Inasmuch therefore as the judicial power of the state is separated from the legislative and confided to the courts as a separate magistracy, and the power to organize courts and appoint judges is conferred by special mandatory provisions, requiring direct action by the General Assembly, those powers cannot be delegated, and the appointment of judges, in all cases where the constitution has not been altered by amendment, can only be made by vote of the Assembly.
But it is claimed that, however that may be, the appointment of Judge Merrill was not within the purview of Sec. 3, Art. 5 of the constitution, for the reason that the cities existing at the time the constitution was adopted, of which Hartford was one, possessed as a franchise the right to hold city courts and appoint their judges, and that the franchise was continued by the clause of that instrument which continued the rights and franchises of corporations. The claim is supported by a decision made by a deceased and distinguished judge of this court on the circuit, but we do not think it should be sustained.
**9 It is unnecessary to consider the effect of that continuing clause upon then-existing rights and franchises; or whether, as a mere municipal corporation, the city of Hartford had then or has now, an intangible, vested right, as against the legislature, to have a city court with civil jurisdiction and appoint its judge. No rights or franchises were contemplated by that continuing clause except such as were then existing; and it cannot be construed to embrace new and distinct courts or judicial franchises, (if such they may be called) subsequently created.
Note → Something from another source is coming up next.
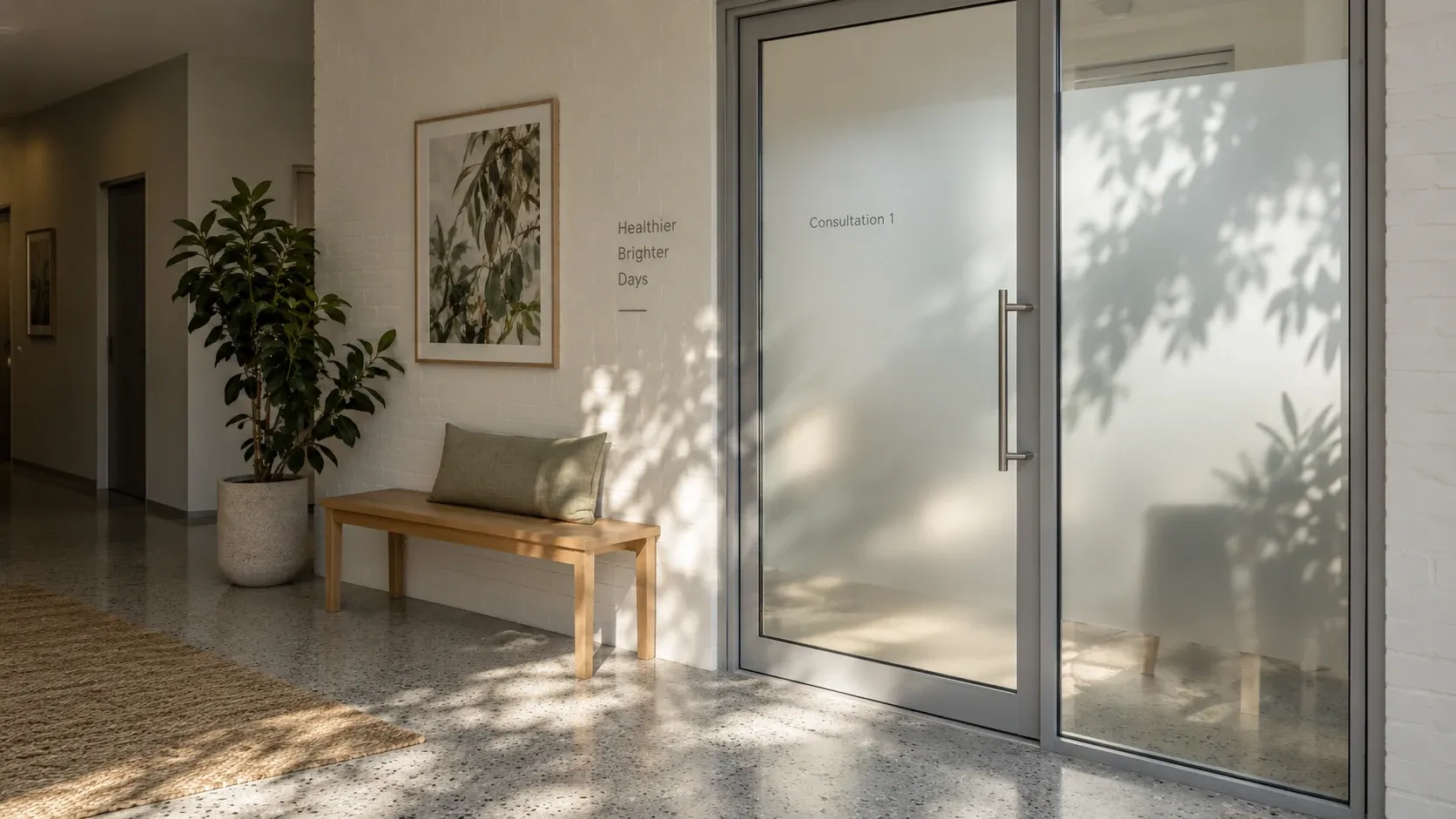 Architectural concept of satin privacy glass in a suburban allied-health clinic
Whatever might have been true therefore, if the criminal jurisdiction conferred upon this police court had been given, as an extension of its jurisdiction, to the then existing city court, a right to have and enjoy this new and distinct judicial tribunal, or the right to appoint its judge, cannot be regarded as within any franchise then possessed by the city. We are constrained by this view to hold *449 that the law conferred no authority upon the common council to appoint Judge Merrill and that the appointment was void.
But I am entirely satisfied that Merrill was judge de facto, and that the proceedings in question were valid. It is claimed that to constitute an officer de facto, there must be color of an election or appointment by a body which has actual power to make it. In support of this proposition a dictum of the late Chief Justice Hinman is cited from his opinion in Douglass v. Wickwire, 19 Conn., 492. I am not satisfied that the dictum was intended to be as broad as it is claimed to be.
The general rule is well expressed by Judge Storrs in Plymouth v. Painter, 17 Conn., 588, thus:–“An officer de facto is one who exercises the duties of an office under color of an appointment or election to that office. He differs on the one hand from the mere usurper of an office who undertakes to act as an officer without any color of right, and on the other hand from an officer de jure, who is in all respects legally appointed and qualified to exercise the office. These distinctions are very obvious and have always been recognized.”
It is easy to suppose cases where an officer may be appointed by a body who suppose they have a right to appoint him, when in law they have not, and yet the officer will be such de facto and his acts cannot be collaterally impeached. Such cases have in fact occurred, and the acts of the officer been sustained. In the state of Massachusetts the legislature passed a law organizing a new county, and authorizing the governor to appoint a deputy sheriff for it. The law was to take effect at a future day. Before it took effect the governor appointed a deputy sheriff for the county and he acted as such. His power to act was questioned collaterally, and it was holden that the appointment was void, because the law had not taken effect, and the authority to appoint had not been conferred, but that the sheriff was nevertheless an officer de facto, and the validity of his acts could not be collaterally impeached. Fowler v. Bebee, 9 Mass., 231.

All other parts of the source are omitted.